Gesture recognition

During the blue-c, a marker-less method was developed that detects a stretched arm as an indication of a pointing gesture from multiple camera streams. This method allowed basic interaction with the virtual environment. The aim for blue-c-II is to go towards a more general gesture recognition framework. Based on the full body pose of the user, the extended framework will provide more complex interaction schemes for the collaboration facilities developed during the second project phase.

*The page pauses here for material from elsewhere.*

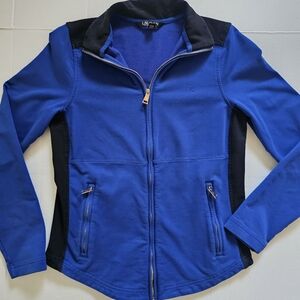 Lauren Ralph LaurenColor Block Zip Front Cotton-Blend Jacket Size S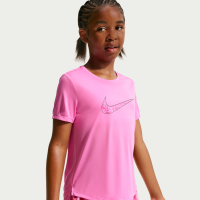 Nike Pro-top til større børn (piger) - Pink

The reconstruction of the full body pose from multiple camera streams without using any markers is still a challenging research task. Our approach will be based on an articulated body model which will be fitted to the image data of multiple cameras. The body model is built out of superellipsoids and is driven by an articulated skeletal structure. As a first step, by using a background-subtraction algorithm, the user will be separated from the background in all camera images. Then, from these foreground masks, the 3D shape of the person will be computed using a voxel-based procedure. In order to recover the person’s joint positions and limb dimensions, a stochastic optimization process will fit the body model into the 3D observation on each time instant.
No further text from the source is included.